> **What this task involves**
Output, exactly as written, the lines below from the one that has "Azalee Rashguard Men" through the one that has "Drumeți în acțiune, purtând"; nothing else, and no pictures.

> **Records for the task**
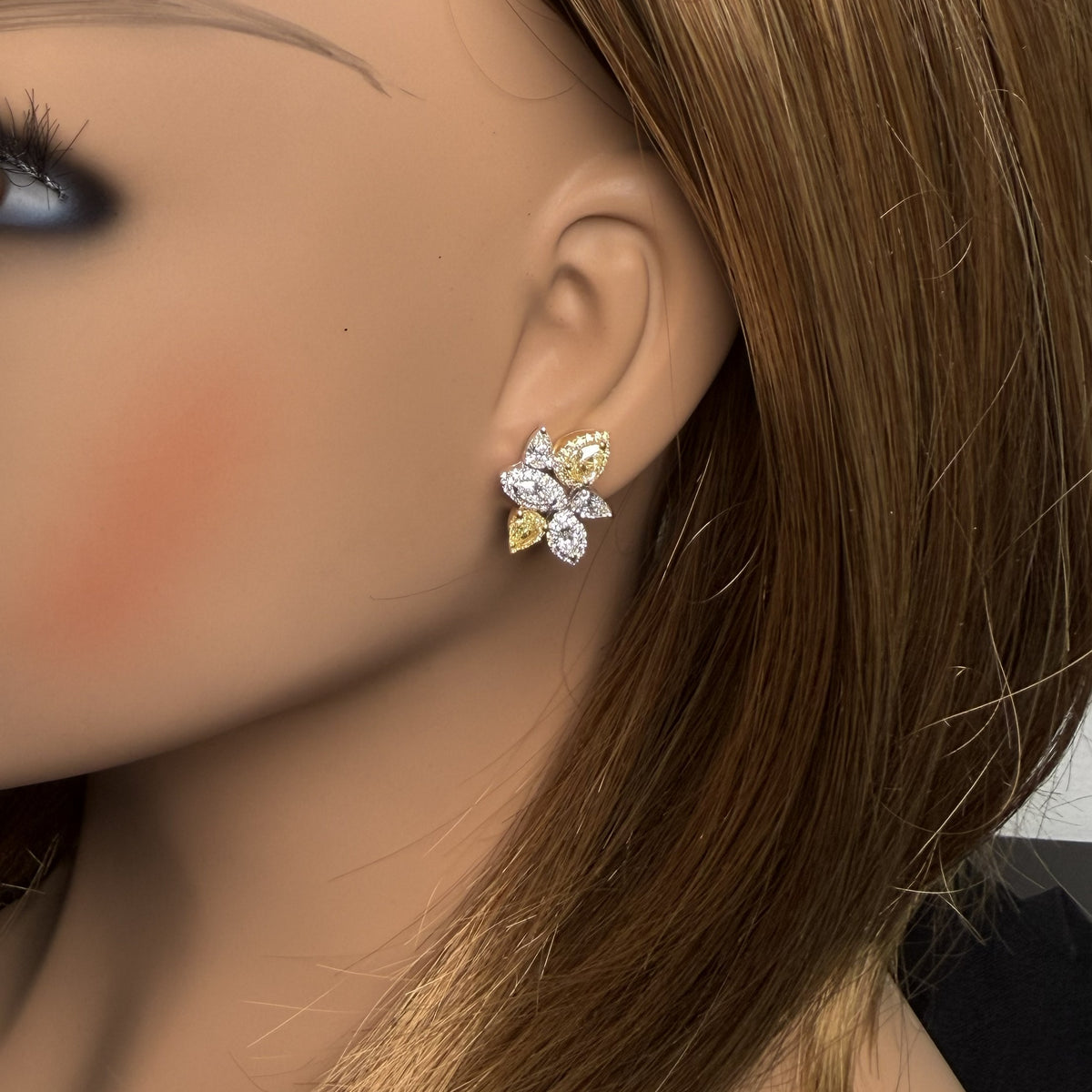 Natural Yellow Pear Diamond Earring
==
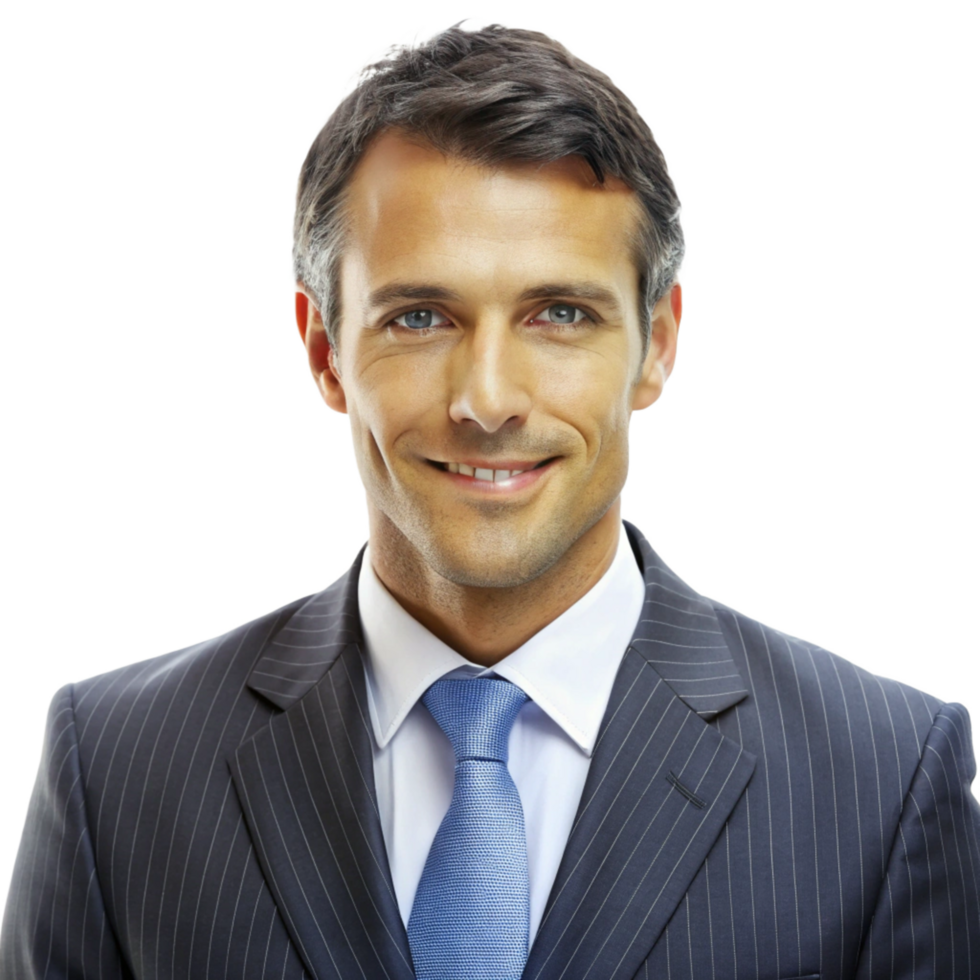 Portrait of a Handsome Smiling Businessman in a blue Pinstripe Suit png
* * *
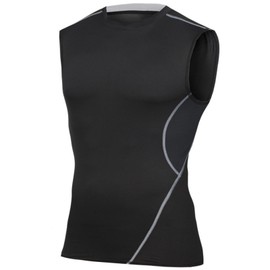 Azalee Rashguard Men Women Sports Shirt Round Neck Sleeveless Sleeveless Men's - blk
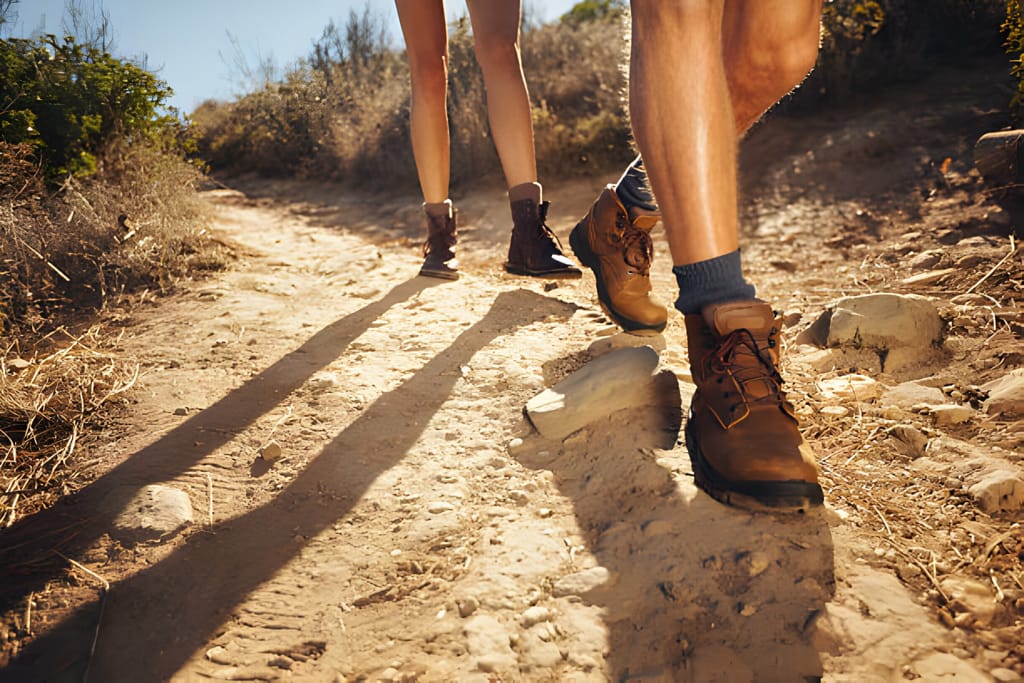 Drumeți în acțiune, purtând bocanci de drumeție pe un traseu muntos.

> **Solution to this problem**
 Azalee Rashguard Men Women Sports Shirt Round Neck Sleeveless Sleeveless Men's - blk
 Drumeți în acțiune, purtând bocanci de drumeție pe un traseu muntos.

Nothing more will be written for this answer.